Students protest Border Patrol’s possible campus visit

By Luisa Sausedo and Mike Madriaga

The U.S. Customs and Border Patrol (CPB) did not participate in a campus job fair on Thursday, apparently after City College’s administration cancelled its invitation to do so after a Chicano group announced that it would protest the agency’s presence at school.

Approximately 30 people organized by M.E.Ch.A. (Movimiento Estudiantil Chicana/o de Aztlán) gathered around noon in the AH Quad to protest CBP being invited to participate in the fair.

Enrique Davalos, the Department Chair for Chicano and Chicana Studies at City College, said protesters were aware that the invitation to CBP had been cancelled. However, they still wanted to make a statement to have their voice was heard.

“This campus is a Hispanic-serving institution. Some 40 percent of the students here are Latino and Latinas, so there is no room for having this kind of event,” Davalos said.

He explained that there were a number of reasons for the protest, including the National Border Patrol Council’s endorsement for presidential candidate Donald Trump on March 30.

“The Border Patrol union endorsed Donald Trump as their candidate for the presidency and we believe that the hate speech that these guys are promoting does not have room on this campus,” said Davalos.

This protest also called attention to past events of alleged CBP brutality involving the death of San Diego resident Anastasio Hernández, who died in the custody of CBP officers in May of 2010.

M.E.Ch.A. encouraged students and others to write the names of friends and family members who had been involved with what they termed “CBP brutality” either recently or in the past with a piece of chalk on the concrete to make students aware of these issues. A total of 12 names were written on the floor by a number of students and M.E.Ch.A. club members.

As the rally continued, protesters began to chant out, “We didn’t cross the border, the border crossed us!”, and had signs posted among the quad reading, “Undocumented and unafraid!”.

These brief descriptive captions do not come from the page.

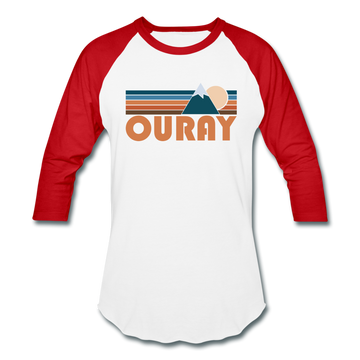 Ouray, Colorado Baseball T-Shirt - Retro Mountain Unisex Ouray Raglan T Shirt - white/red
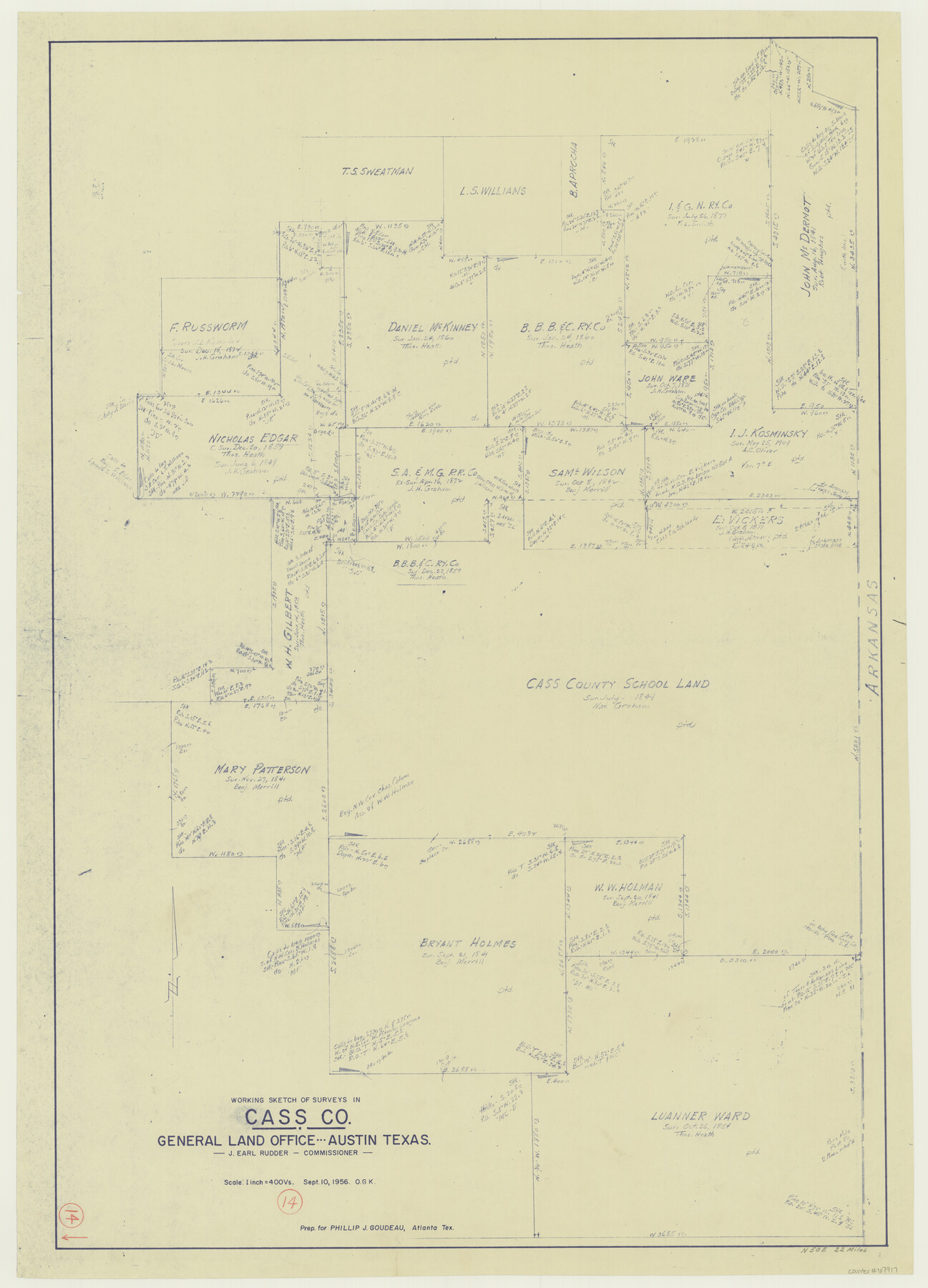 67917, Cass County Working Sketch 14, General Map Collection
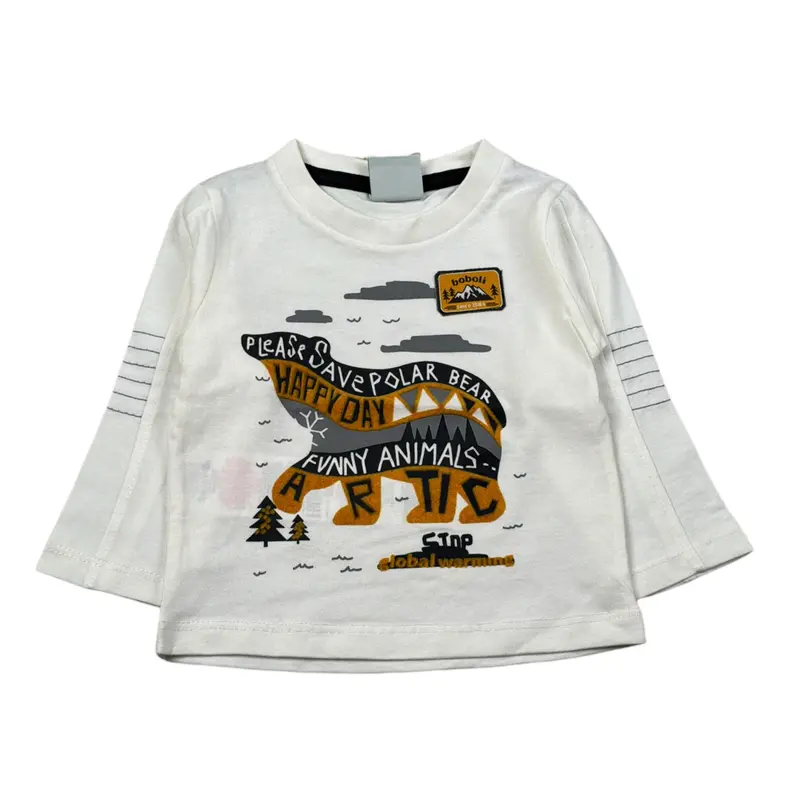 Boboli Shirt Girocollo tinta unita con Stampa Bianco per Neonato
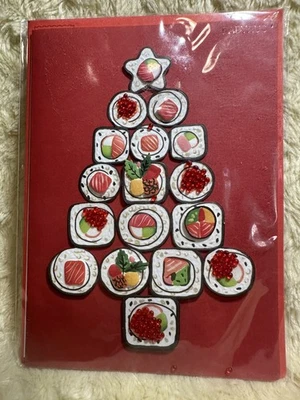 Papyrus Christmas Card 2019 RARE HTF 3D  Die Cut Sushi Tree Beads Too Cute! - Image 1 of 4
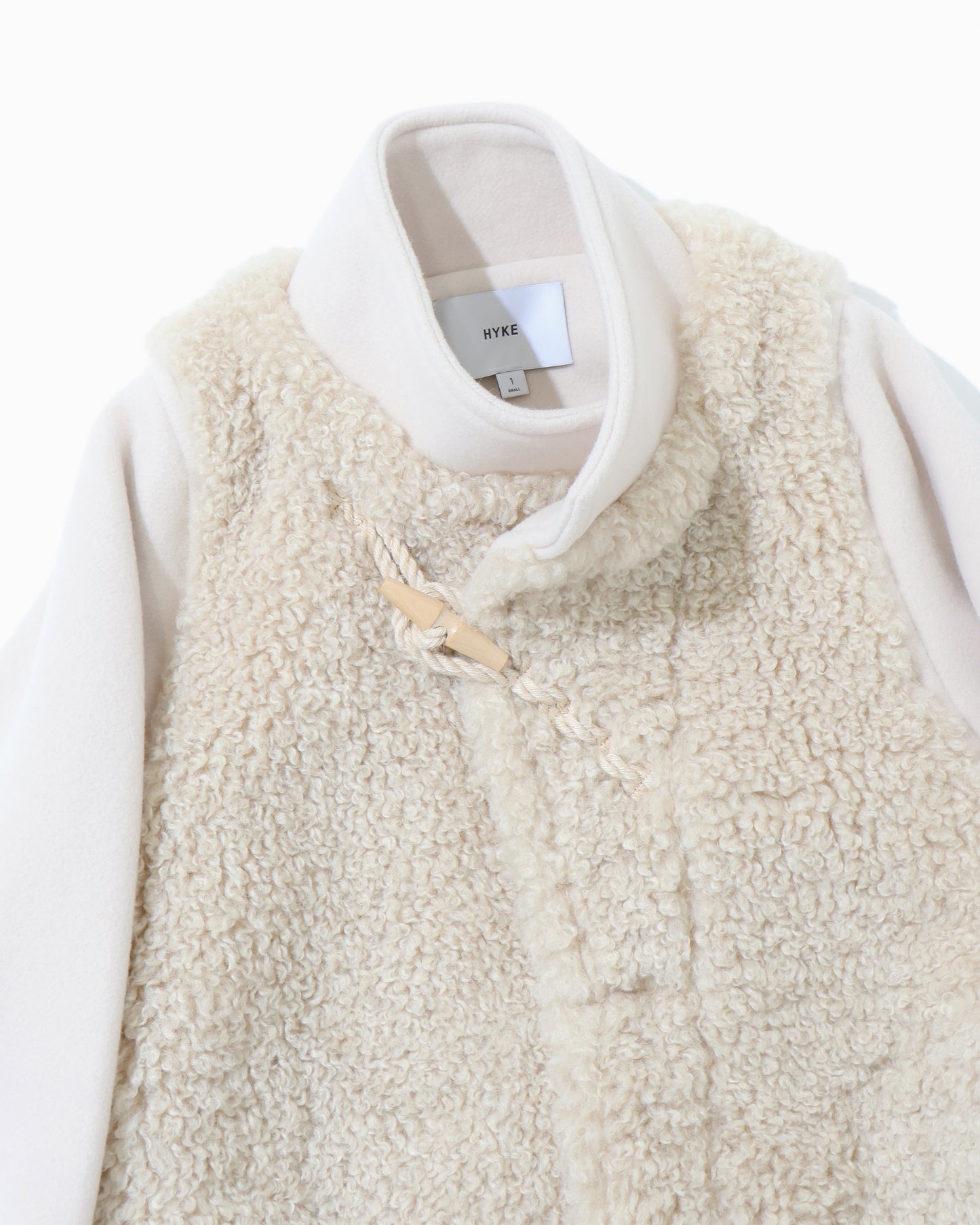 DOUBLE FACE FAUX SHEARLING DUFFEL JACKET 17549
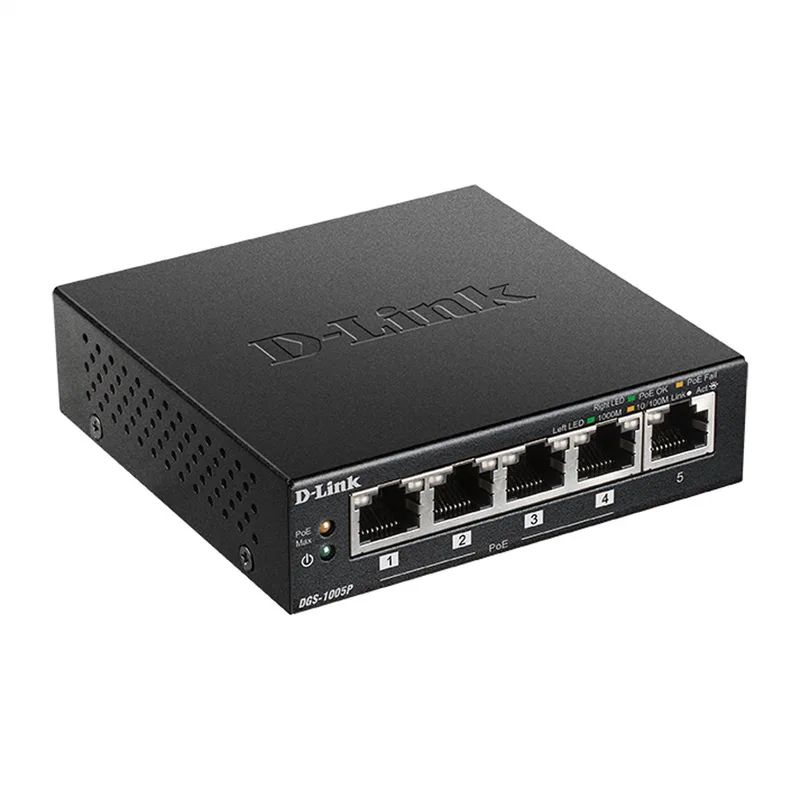 DGS-1005P/E - Netwerkswitch - 5 Poorten - PoE+ från D-Link i Svart – produktbild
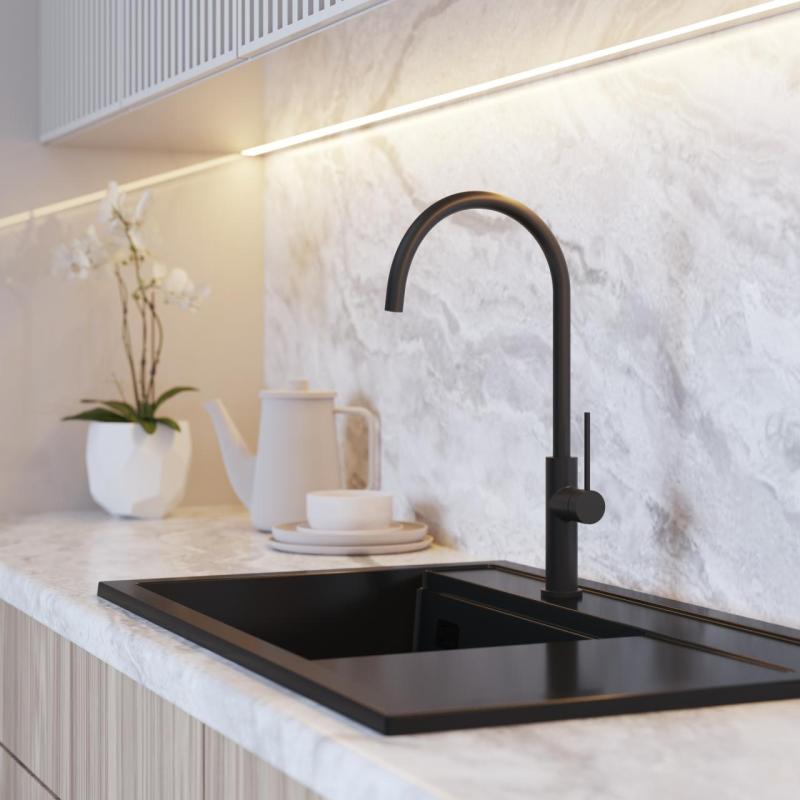 Graniteland Vira Slim Kuchynská batéria, čierna, s otočným výtokom 1208972626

“This is a border city,” explained a Chicano Studies professor Rosi Angela Escamilla. “Having the Border Patrol being invited, the very force that has terrorized and torn their families apart, we find it completely insensitive and not really caring for the safety and the reality of our students at City College,” she said.

Many City College students have been separated because of deportations, she added.

Amongst the crowd were also students who felt that the City College administration made an unfair move by not allowing the CBP to participate at the career fair.

“They’re not saying the whole story. They’re just saying that a whole bunch of people were killed by the Border Patrol,” said Will Garcia, a photography student. “The Border Patrol has as much right to be here and try to recruit people as they do to be here and protest their presence.”

The protesters stayed in the area for about an hour before the career fair started to wrap up. Businesses such as Panda Express, Marriott, SeaWorld, the U.S. Army, and the San Diego Police department, among others, were represented at the career fair while the protest took place.